#### The data ####

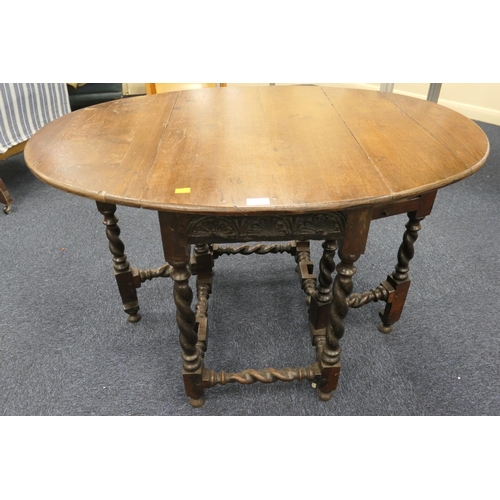 553 - Oak small barleytwist gateleg table, in part 18th Century, width 77cm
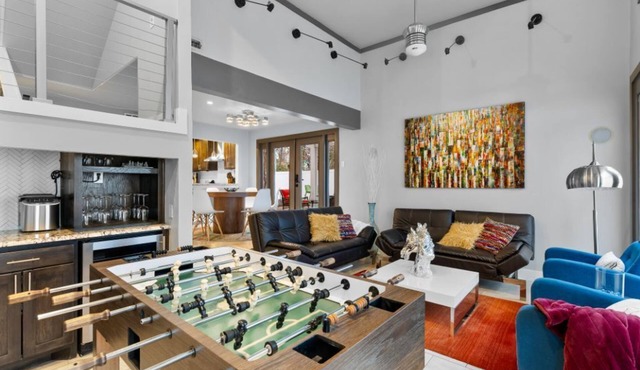 Uptown Dallas Luxury Oasis with Cool Refreshing Spa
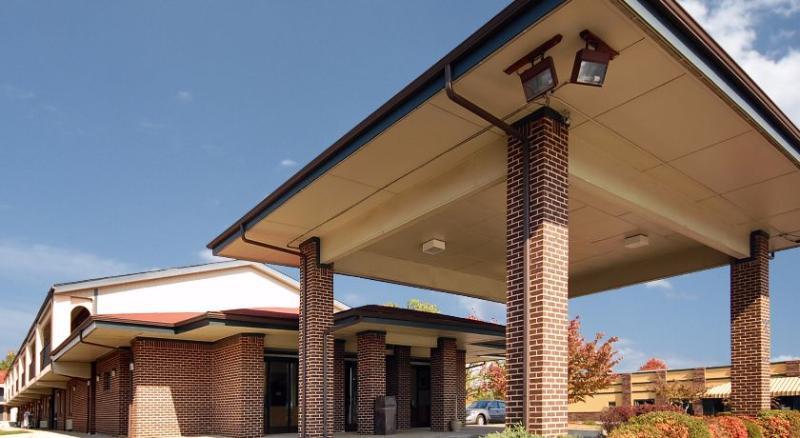 Econo Lodge Madison Exterior photo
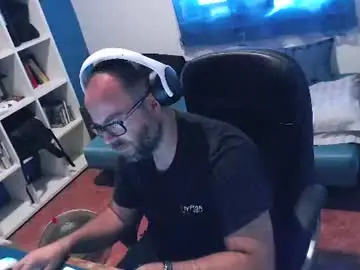 Chaturbate Sex Chat of ravingr3d3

####

Work required>
Please copy the data shown above precisely, leaving the images out.

Exercise answer>
 553 - Oak small barleytwist gateleg table, in part 18th Century, width 77cm
 Uptown Dallas Luxury Oasis with Cool Refreshing Spa
 Econo Lodge Madison Exterior photo
 Chaturbate Sex Chat of ravingr3d3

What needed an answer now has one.